Otra de las novelas maestras —y no desdeño a las demás, respetando la
afirmación de Zaid— de Jorge es Las
muertas, en la cual recrea las tropelías y crímenes de Las Poquianchis,
lenonas o madrotas que asolaron varias poblaciones de Guanajuato y de
Querétaro: reclutaban a jovencitas pobres e ignorantes y las prostituían (las esclavizaban), y muchas fueron
asesinadas y enterradas en el jardín de uno de los prostíbulos clausurados y en
un rancho propiedad de aquéllas. Esta pieza espeluznante me lleva a otras
consideraciones.
Aunque es por demás dramática, la obra contiene sobradas
dosis de humor, aunque el escritor detestaba que lo consideraran humorista. Uno
de los capítulos abre así: “Blanca era negra”. Y el episodio donde, con el
propósito de aliviarla, las mujeres “planchan” literalmente a una de las putas,
es estremecedor, pero uno no puede evitar reírse.
Pese a la oposición de Ibargüengoitia, estimo que era
dueño de un sarcasmo y un sentido humorístico majestuosos, incluso en pasajes u
obras enteras donde predomina la tragedia. Prueba de ello es Estas ruinas
que ves, ubicada argumentalmente en Cuévano (máscara de Guanajuato), donde
un grupo de profesores y empleados se lanzan al asedio de una bella mujer
recién llegada, de quien se corre el rumor de que cualquier emoción fuerte la
mataría, de modo que los cazadores se alejan de ella: todo fue un ardid de
alguno para conseguir eso, aislarla de la jauría.

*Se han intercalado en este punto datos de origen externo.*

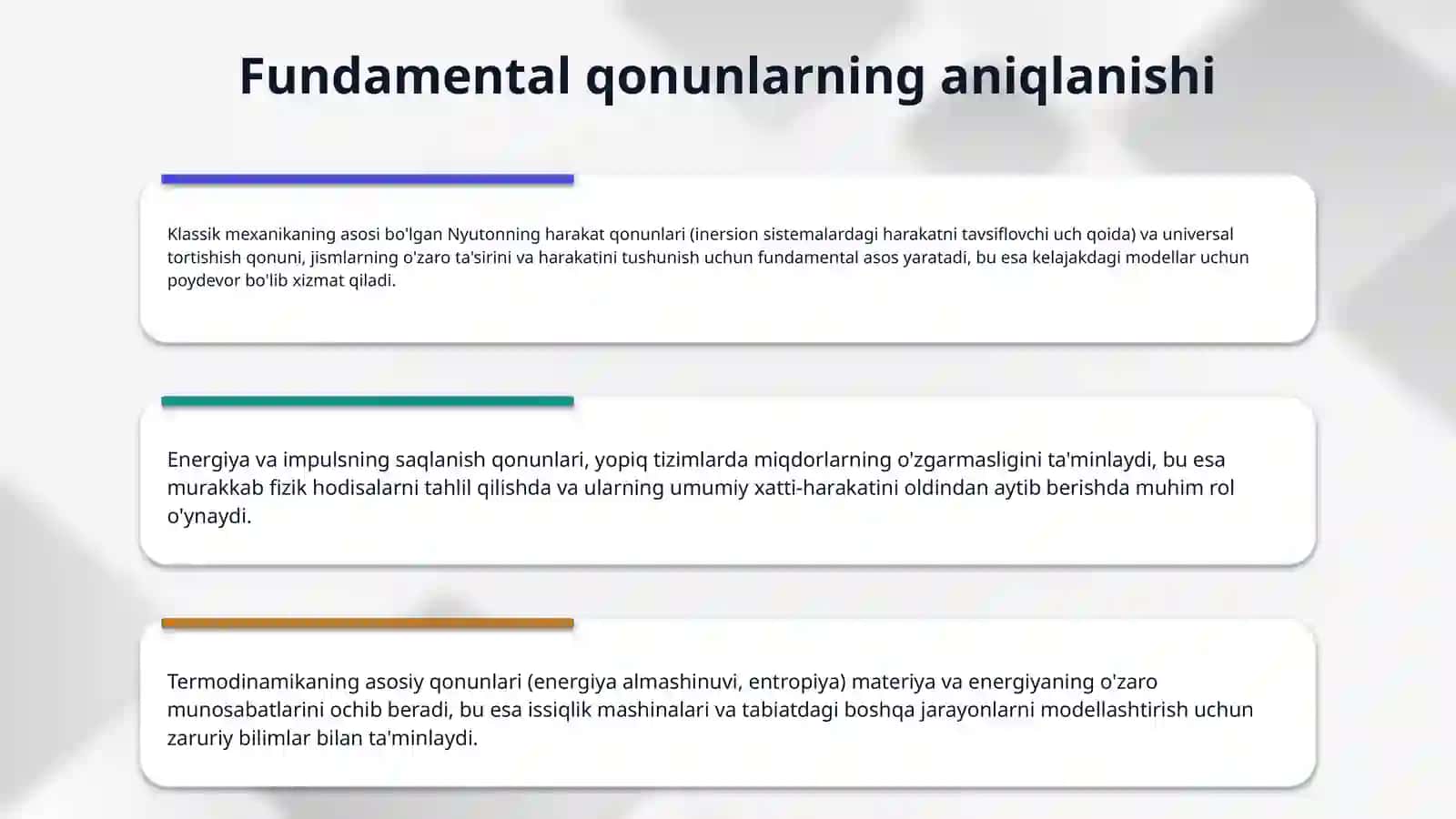 Tabiatning fundamental qonunlaridan modellar yaratish 4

No quiero terminar sin decir que Ibargüengoitia escribe como si estuviera platicando en la sala de su casa, en el café o en el parque, con una naturalidad impresionante, y quienes saben de eso señalan que en literatura, la aparente naturalidad es una de las empresas más difíciles de conseguir. Ese estilo “campechano” campea también en sus deliciosos artículos periodísticos, reunidos en varios volúmenes por Joaquín Mortiz, y que hay que leer. De paso, debe recordarse que muchos de los personajes de las obras teatrales de Jorge reaparecen en sus novelas, e incluso el argumento de un par de ellas cobró forma de novela con resultados más que felices. Y felices son y serán los lectores de este escritor indispensable.